Ранним утром 22-го июня немецкие войска широким фронтом перешли границу СССР и атаковали части Красной Армии. Частям вермахта противостояли войска приграничных военных округов, переименованных с началом войны во  фронты (с севера на юг): Северо-Западный, Западный и  Юго-Западный (24-го июня был образован ещё один фронт — Северный, а 25-го — Южный). В их составе первоначально насчитывалось одиннадцать армий: 8-я,  11-я и 27-я (в стадии формирования)  СЗФ,  3-я, 4-я, 10- я и 13-я армии ЗФ , 5-я, 6-я, 26- я и 12-я армии ЮЗФ.  Если последить боевой путь всех этих перечисленных выше армий, то можно увидеть, что наибольшему разгрому подверглись армии Западного фронта (командующий — генерал Д.Г.Павлов).  За первые две недели войны  все четыре армии ЗФ практически перестали существовать как боевые единицы, было потеряно личного состава красноармейцев и командиров две трети от начавших боевые действия (более 400 тыс.), а также большое количество оружия, боевой техники, боеприпасов и других материальных ценностей, многие из которых были брошены и достались врагу.

Объективной  причиной такого грандиозного разгрома стал  тот факт, что на этом направлении наступала самая мощная группировка немецких войск — группа армий «Центр», а также то, что войска ЗФ были совсем не готовы отразить внезапное нападение противника, потому что  пребывали в состоянии службы в мирное время, а не в полной боевой готовности. В чём же отличие службы в мирное время от   полной боевой готовности?  В том,  что в частях отменяются все увольнения и отпуска, они получают всю необходимую матчасть и боеприпасы и выдвигаются с мест постоянной дислокации на подготовленные к обороне позиции, и ждут там наступления противника. Вот как это происходило в 135-й стрелковой дивизии  Киевского военного округа, которой командовал генерал Смехотворов: «18 июня 1941 года 135 стр. дивизия выступила из района постоянного расквартирования – Острог, Дубно, Кремец и к исходу 22.06.41 г. прибыла в Киверцы … согласно приказа командующего 5 армии генерал-майора Потапова»       

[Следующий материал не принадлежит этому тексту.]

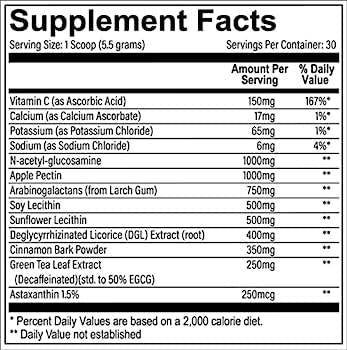 GI+ Powder - 165 grams - Nutra Best Europe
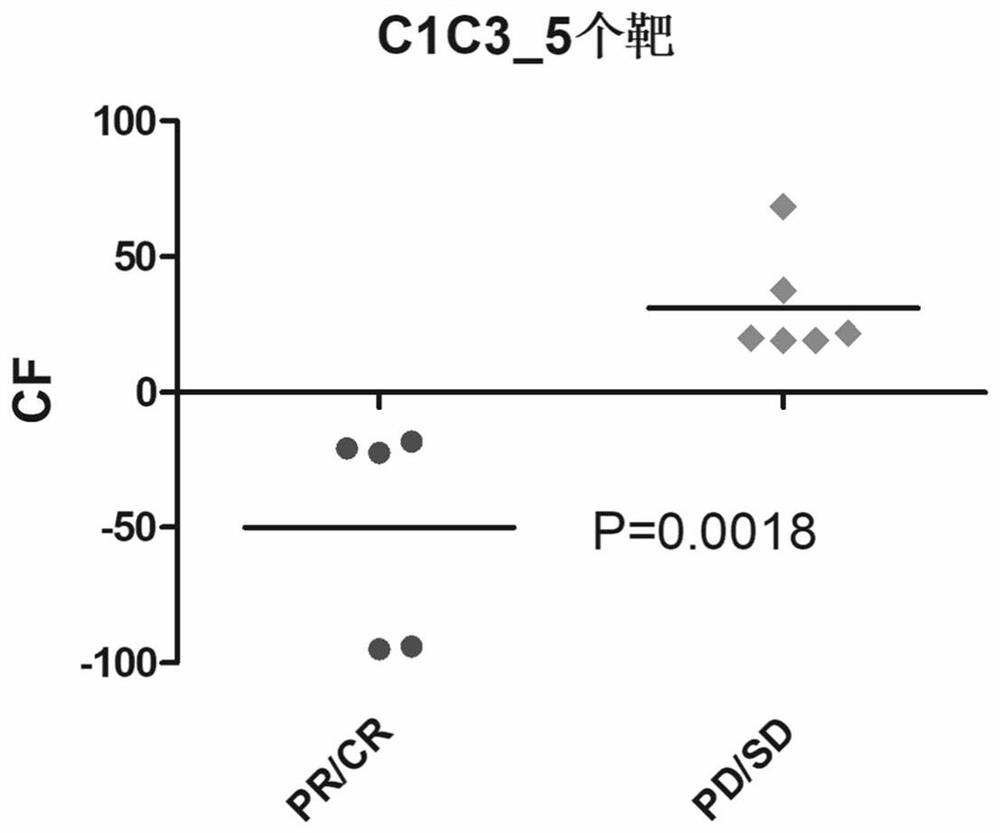 Intestinal flora marker for predicting curative effect of immunotherapy and application of intestinal flora marker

Ещё одно свидетельство, начальника штаба 62-й стрелковой дивизии 5-й армии полковника  П. А. Новичкова:  «Части дивизии на основании распоряжения штаба армии в ночь с 16 на июня выступили из лагеря Киверцы. Совершив два ночных перехода, они к утру 18 июня вышли в полосу обороны» . Как видно из этих примеров, части 5-й армии, в отличии от армий ЗФ,  накануне войны были приведены в боевую готовность и встретили наступавшего противника более-менее подготовленными, что позволило им избежать катастрофического разгрома. Ту же самую картину можно наблюдать и во многих частях Северо-Западного фронта, которые также приказами командующих были приведены в боевую готовность.  Генерал-майор И.И. Фадеев, командир 10 стрелковой дивизии 8-й армии ПрибВО: «19 июня 1941 года было получено распоряжение от командира 10-го стрелкового корпуса генерал-майора И. Ф. Николаева о приведении дивизии в боевую готовность. Все части были немедленно выведены в район обороны, заняли ДЗОТы и огневые позиции артиллерии. С рассветом (20 июня — А.З) командиры полков, батальонов и рот на местности уточнили боевые задачи согласно разработанному плану и довели их до командиров взводов и отделений» Зададим простой вопрос: мог ли командующий 5-й армией генерал Потапов и другие командармы без ведома правительства на свой страх и риск за несколько дней до начала боевых действий фактически перевести подчинённые им части на положение военного времени?  Зная   суровые порядки тех лет, это кажется совсем  маловероятным. Вряд ли кто-то из военачальников не понимал, что ему грозит за самоуправство, которое может быть расценено, ни много ни мало,  как провоцирование войны.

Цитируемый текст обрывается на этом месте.